Thank you, first of all, for the high praise. My motivation in writing Richard was to create a character that was contemptible in his actions but pure in his motives. He loves Kyle dearly – in fact he takes great and constant care not to hurt or scare him. He sees this kidnapping as a rescue from his neglectful mother and a world that does not understand how special Kyle is. With all of my characters I try to capture what is warped or corrupt in them and present it in a way that is at least somewhat understandable – if not excusable – to the reader, and hopefully help the reader consider a motivation that is foreign to them. Specifically I find myself going back again and again to the ways that love – yearning for it, vying for it, aching from it – compels us to do destructive and hurtful things. That’s the motivation for Richard. I feel sorry for him, even as monstrous as his actions are, and I tried to do right by him. My major literary gods in this vein are A.M. Homes, Joyce Carol Oates, writers like this who are constantly, as I see it, turning up the soil and exposing the underbelly. That’s what I strive for. Kyle, incidentally, is quasi-real. When I was in high school my family went out to dinner and engaged our waiter, Kyle, in conversation and somehow extracted from him the information that when he was six years old he was pulled into a car but managed to escape at the last minute. I squirelled this away and eight years later wrote the story of what might have happened.
I don’t generally edit as I write – the story just kind of pours out all at once and I edit later. When I edit I always take on the whole story and it’s fully immersive, like going underwater or going to sleep. The last hard edit before I submitted it to PANK was eight solid hours of not coming up for air and I felt shocky for the whole night after that because the material is so intense. When I was done, I said to my soon-to-be husband, Jesus I feel so horrible for that little boy’s body, I’ve been doing things to it all day.
3. How would you kidnap someone?
I come across as totally harmless, and I am highly persuasive. I would convince someone to come with me of their own accord and by then it would be too late. As far as what happens next – well, that would depend on why I was kidnapping them. Different wants require different measures.
4. Which canned pasta is your favorite?
I’m caught between Spaghetti-Os and Ravioli. Mixing them together would be pretty great.
5. What is the creepiest thing you do today to your fiance? How does he react?

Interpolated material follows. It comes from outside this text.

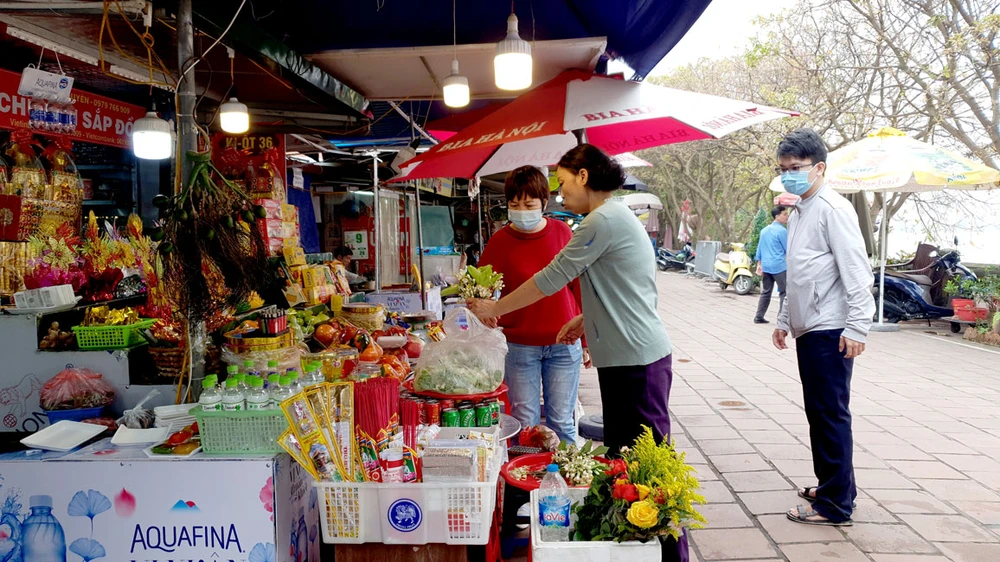 Khách hành hương thưa vắng tại phủ Tây Hồ, Hà Nội (Ảnh chụp vào ngày 11-3)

I think the creepiest thing I am currently doing to Nick is locking him into the traditional American mainstream by marrying him and starting a family. What’s creepier than that? He is amenable, or so he claims. I also pick stuff out of his ear when I see it in there, but I think that more falls under the category of gross. He is definitely not amenable to the ear-picking.
6. Why is it easier to give into darkness than fight it?
It’s easier to give in because that’s what we really want to do, and humans as a rule do exactly what they want, regardless of anything. Everyone has a dark, skewed dimension to them, and that’s what I try to access in my characters – the part of us that we don’t want to admit exists: it exists.